Cars older than 25 years were particularly popular until 2011. As you know, the MRB exemption had a major influence on this. The changes to the old-timer scheme made in 2012 and 2014 did not, as is known, have any effect. The strong growth in sales up to and including 2011 has turned into a decline from 2012 onwards. Sales of classic cars from 25 to 30 year have declined by 2014% in both 2015 and 19 annually. The sales figures of cars in the age category from 30 to 40 year are also subject to a downward spiral.
Volkswagen leader in "40 year and older"
Cars of 40 years and older are still exempt from vehicle tax. Interest in these cars is still growing. In 2015, sales of these increased by 5%. In 2011, 9.855 passenger cars aged 40 and older were bought by consumers, compared to 2015 in 13.912; a growth of 41% over that period. Volkswagen is by far the best-selling brand among these cars, with the Beetle being the most common model. Chevrolet and Daf grew remarkably strongly last year, as did Austin. Also notable is a second Dutch brand in the Top 20: Nekaf. This is mainly the Nekaf Jeep, the version of the American army jeep built in the Netherlands.

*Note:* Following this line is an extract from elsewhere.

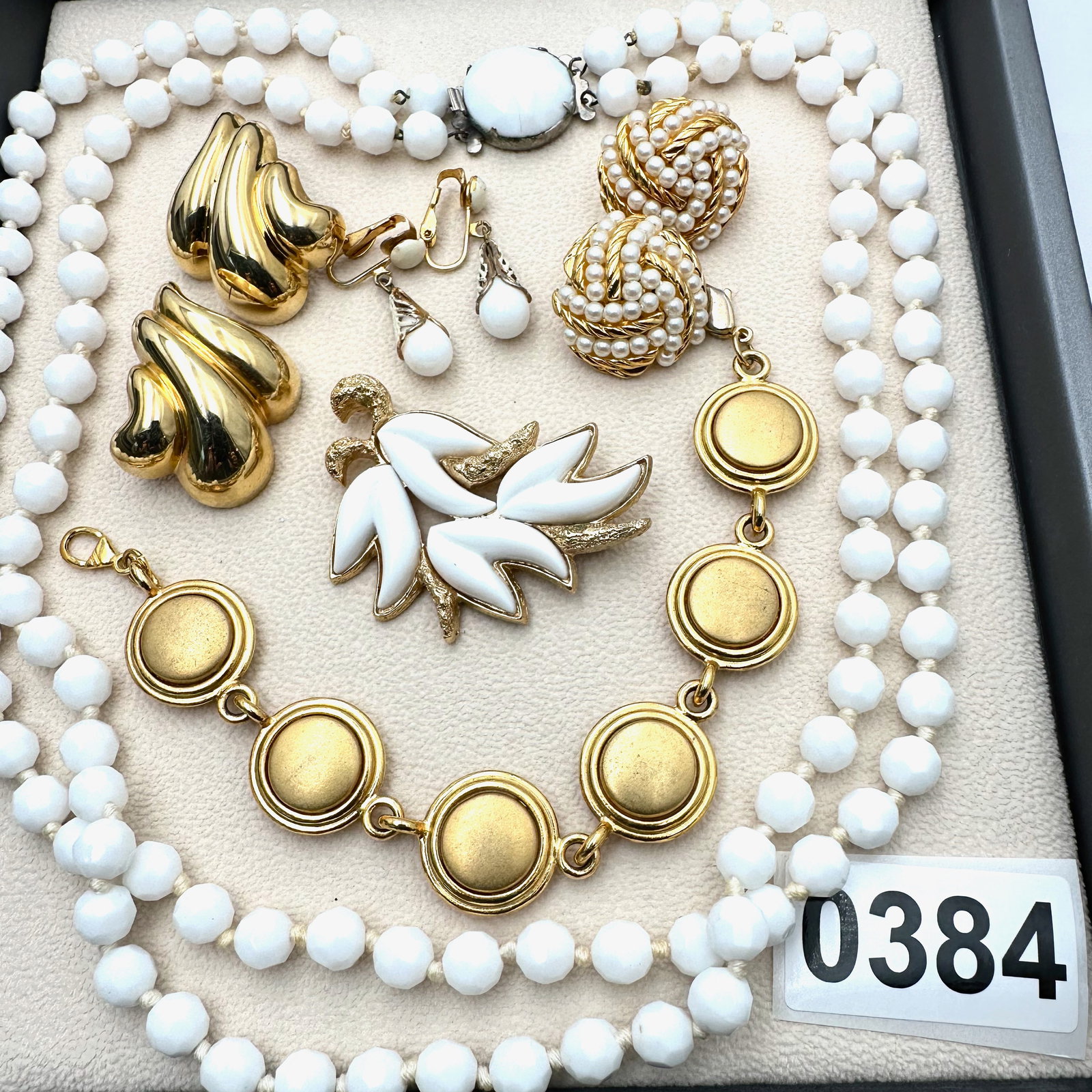 Vintage and Modern Jewelry Collection Group Monet Brooch Clip and Pierced Earrings Glass Necklace (1 of 2)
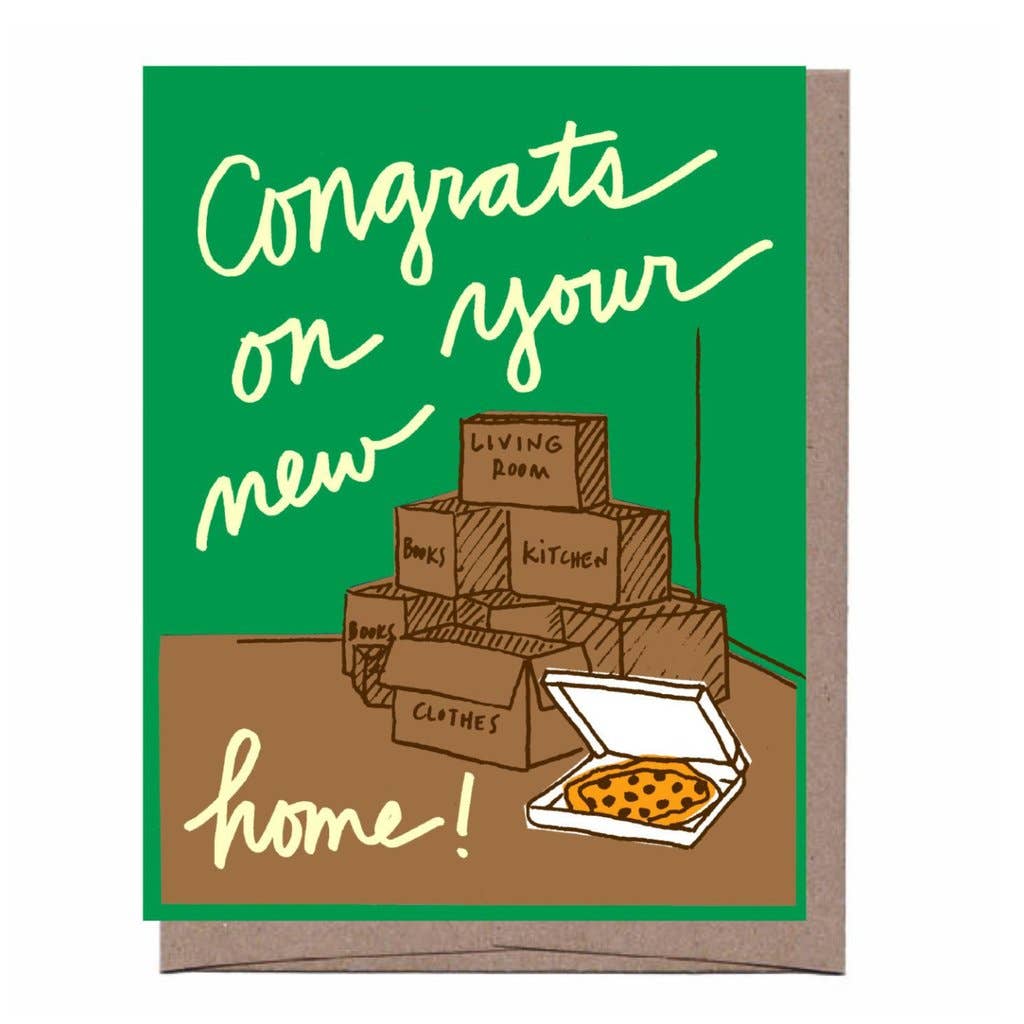 Boxes & Pizza New Home Greeting Card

Mercedes-Benz also achieved a modest plus, while Volvo firmly held onto third place despite a slight drop in 2015. Remarkable: SAAB does not appear in the top 25 of sold passenger cars of 40 years and older.
Import collapsed until 30 year
The same development can be seen with the import of classic cars as with sales. The import of cars from 25 to 30 years old decreased in 2015 with 13%. In 2011 no less than 14.754 were imported from such cars, in 2015 there were only 678, a decrease of 95%. Also in the age category 30 to 40 years old, the numbers are more than halved. At the same time, imports of cars from 40 years and older grew last year with 8% to 2.560 units. The fall in imports is mainly due to the discouragement policy with regard to previously exempt diesels.
Buyers of these classic cars are mainly men between 46 and 55 years. Older people are also increasingly buying a classic; in 2015 the number of 65 people who bought such a car from the age of 40 increased by no less than 22%. Only 13% of these classics have a female owner.